Synopses & Reviews
This is arguably the most important work of science, aimed at the general reader, to be published in living memory.
This 1000-page guide to the universe aims to provide a comprehensive account of our present understanding of the physical universe, and the essentials of its underlying mathematical theory. It attempts to convey an overall understanding -- a feeling for the deep beauty and philosophical connotations of the subject, as well as of its intricate logical interconnections.

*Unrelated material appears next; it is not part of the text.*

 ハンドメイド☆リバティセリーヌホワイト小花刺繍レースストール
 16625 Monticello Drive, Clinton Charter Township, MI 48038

Clearly, a work of this nature is challenging, but no particular mathematical knowledge on the part of the reader is assumed, the early chapters providing the essential mathematical background for the physical theories described in the remainder of the book. There is also enough descriptive material to carry the less mathematically inclined reader through, as well as some 450-500, mostly hand-drawn, figures. The book provides a feeling for all the key issues and deep current controversies, and counters the common complaint that cutting-edge science is fundamentally inaccessible.
TOPICS COVERED:
• numbers and geometry in physics
• the ideas and magic of calculus
• notions of infinity
• relativity theory
• quantum mechanics
• particle physics
• cosmology
• the big bang
• black holes
• the second law of thermodynamics
• string and M theory
• loop quantum gravity
• twisters
• fashions in science
Synopsis
This book aims to provide a comprehensive account of our present understanding of the physical universe, and the essentials of its underlying mathematical theory.
About the Author
Roger Penrose is Emeritus Rouse Ball Professor of Mathematics at the University of Oxford. In 1988 he shared the Wolf Prize for physics with Stephen Hawking for their joint contribution to our understanding of the universe.